The term ‘Oligopoly’ is coined from two Greek words ‘Oligoi meaning ‘a few’ and ‘pollein means ‘to sell’.
It occurs when an industry is made up of a few firms producing either an identical product or differentiated product.
In simple words, “Oligopoly is a situation in which there are so few sellers that each of them is conscious of the results upon the price of the supply which he individually places upon the market”-The number of sellers is greater than one, yet not big enough to render negligible the influence of any one upon the market price.
The concept of oligopoly can be defined as under:
“Oligopoly is that situation in which a firm bases its markets policy in part on the expected behaviour of a few close rivals.” – J. Stigier
“An oligopoly is a market of only a few sellers, offering either homogeneous or differentiated products. There are so few sellers that they recognize their mutual dependence.” – PC. Dooley
“Oligopoly is a market structure characterized by a small number of firms and a great deal of interdependence.” -Mansfield
“An oligopoly is a market situation in which each of a small number of interdependent, competing producer’s influences but does not control the market.” – Grinols
“Oligopoly is a market situation in which number of firms in an industry is so small that each must consider the reaction of rivals in formulating its price policy.” – McConnel
Classification of Oligopoly:
Oligopoly situation can be classified on different bases:
1. Basis of Product Differentiation:
On the basis of product differentiation, oligopoly may be classified as Pure or Perfect Oligopoly and Imperfect or Differentiated Oligopoly. In the case of pure oligopoly, the product of different firms in the industry is identical or homogeneous while in the case of differentiated oligopoly, the products of different firms are not identical but rather differentiated products. Thus, differentiated oligopoly will exist where the competing firms produce products which are close substitutes but not perfect substitutes.

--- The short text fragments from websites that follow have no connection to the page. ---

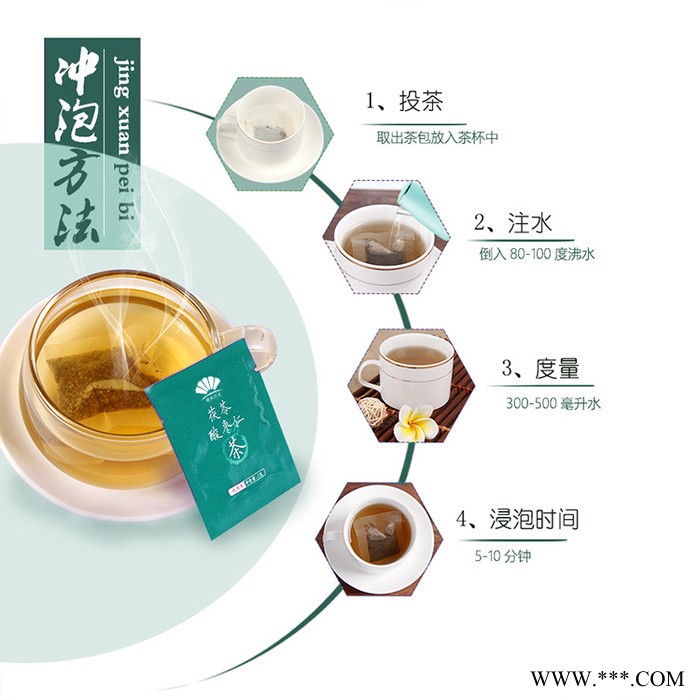 玛卡人参五宝茶 食品老公袋泡茶OEM 茶袋泡茶贴牌代加工OEM图7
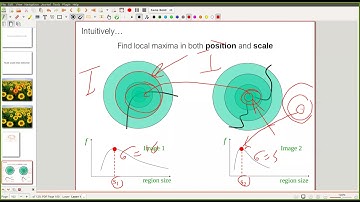 Computer Vision Spring 2021 Lecture 8 (Multi-scale blob detection and feature descriptors)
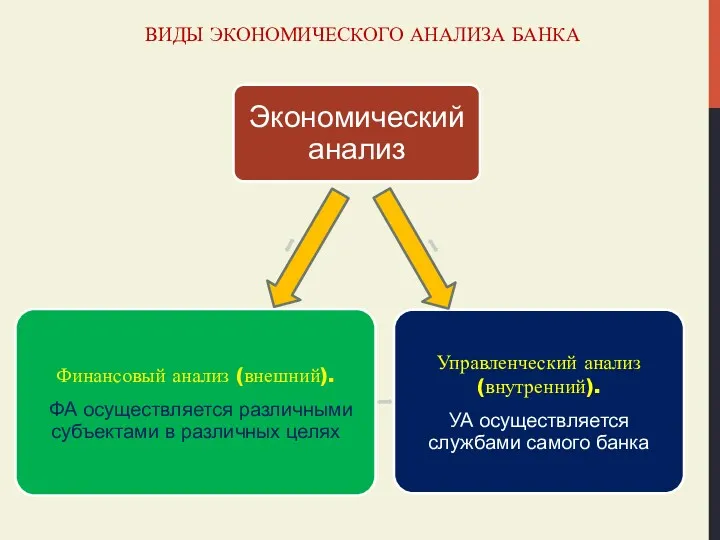 ВИДЫ ЭКОНОМИЧЕСКОГО АНАЛИЗА БАНКА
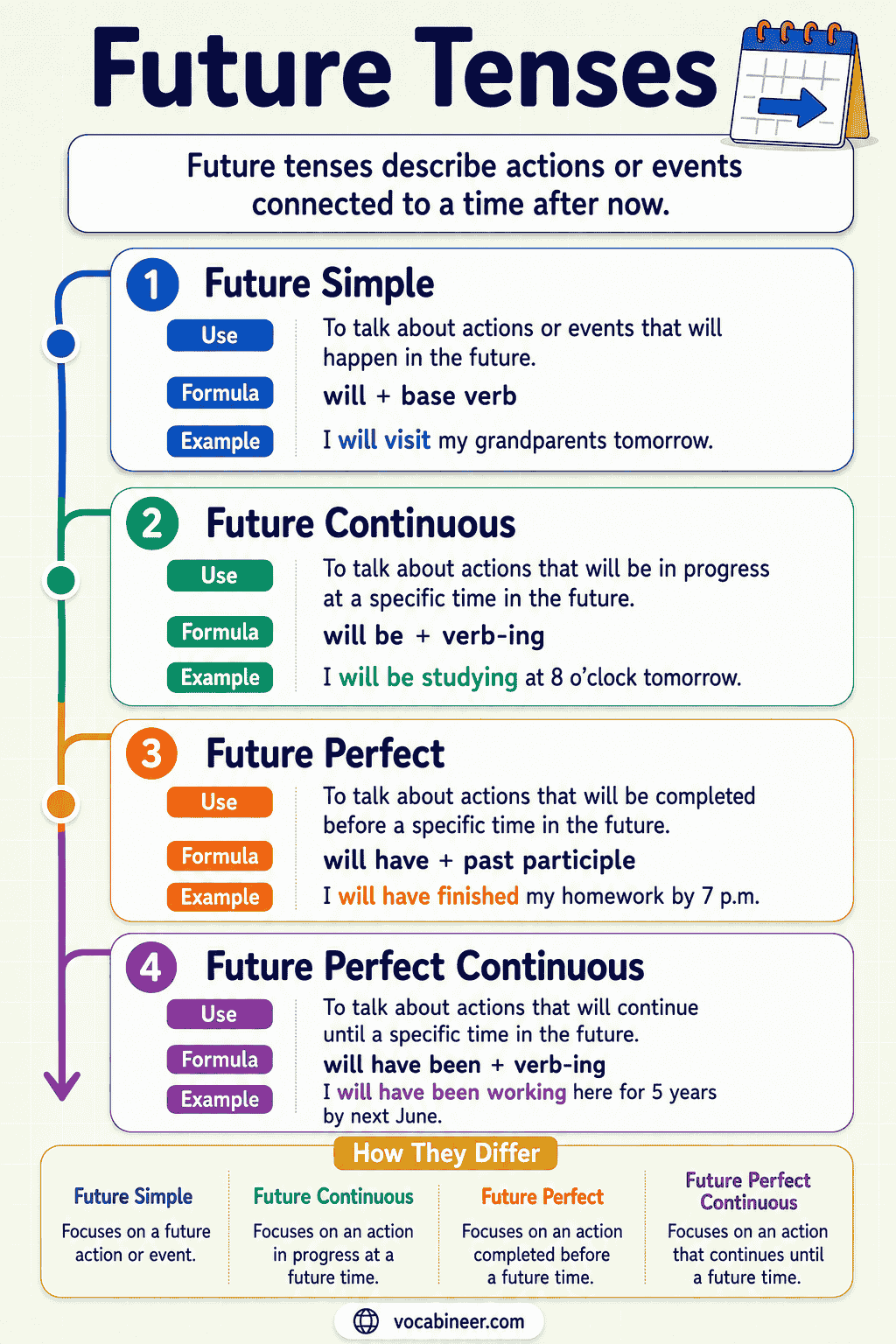 Four Future Tenses with Rules and Examples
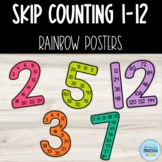 Skip counting 1-12 posters: rainbow
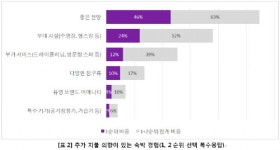 밀레니얼 세대 78%, 해외여행 1년에 최소 1회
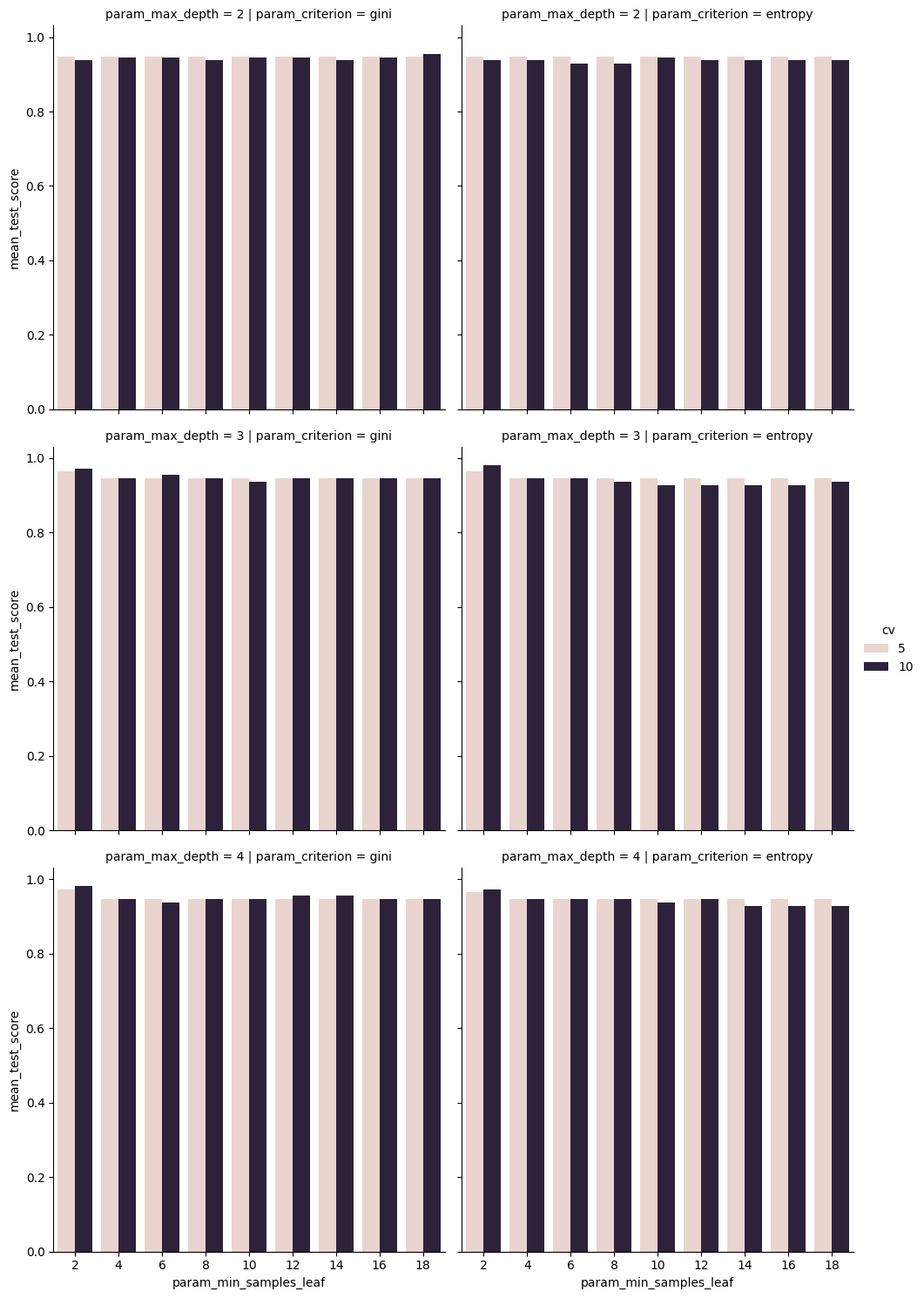 <Figure size 1067.62x1500 with 6 Axes>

The distinction between pure oligopoly and differentiated oligopoly does not play a significant role in the analysis. In real situation, firms in most oligopolistic industries produce differentiated products. But theoretically we may determine price and output in both kinds of oligopoly.
2. Basis of Entry of Firms:
On the basis of the possibility of entry of new firms into the industry, oligopoly may be classified as Open Oligopoly and Closed Oligopoly. An open oligopoly provides full freedom to new firms to enter into the industry. In the situation of open oligopoly there is no restriction of any kind for the desiring firms to enter into the market. A closed oligopoly, on the other hand, refers to that market situation where only the few firms control the entire market and new firms are not allowed to enter the industry.
3. Basis of Price Leadership:
On the basis of presence or absence of price leadership, oligopoly may be classified as Partial Oligopoly and Full Oligopoly. Partial oligopoly refers to that market situation where the industry is dominated by one large firm (known as the leader) and the other firms (known as the followers) of the industry follow the price policy determined by their leader. Full oligopoly, on the other hand, refers to that market situation where there is no leader and no followers.
4. Basis of Agreement:
On the basis of agreement, oligopoly is classified as Collusive Oligopoly and Non-collusive Oligopoly. A collusive oligopoly refers to that market situation where the firms of the industry follow a common policy of pricing. In other words, they combine together to avoid competition among themselves regarding the price and output of the industry. A non- collusive oligopoly refers to that market situation where there is no agreement among the firms regarding the price and output of the entire market. In other words, the firms under non-collusive oligopoly act independently.